**Data extract**
──────────

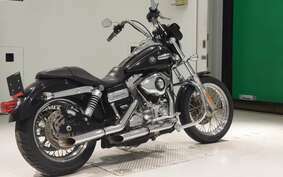 HARLEY FXDC 1580 2008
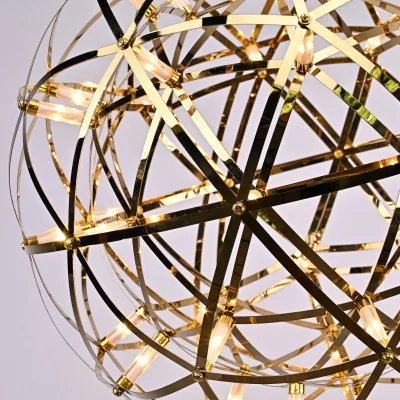 Подвесная люстра Mi Raimond Lamp 6
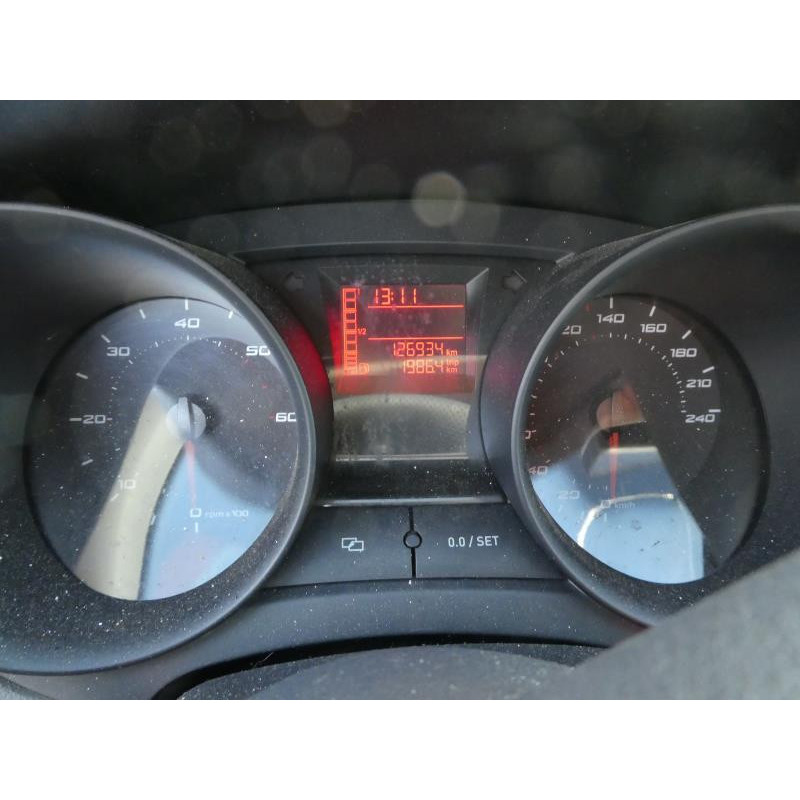 Autoradio d'origine SEAT IBIZA 4 Photo n°8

──────────

**About this task**
Transcribe the listing above exactly, leaving every picture out.

**Exercise solution**
 HARLEY FXDC 1580 2008
 Подвесная люстра Mi Raimond Lamp 6
 Autoradio d'origine SEAT IBIZA 4 Photo n°8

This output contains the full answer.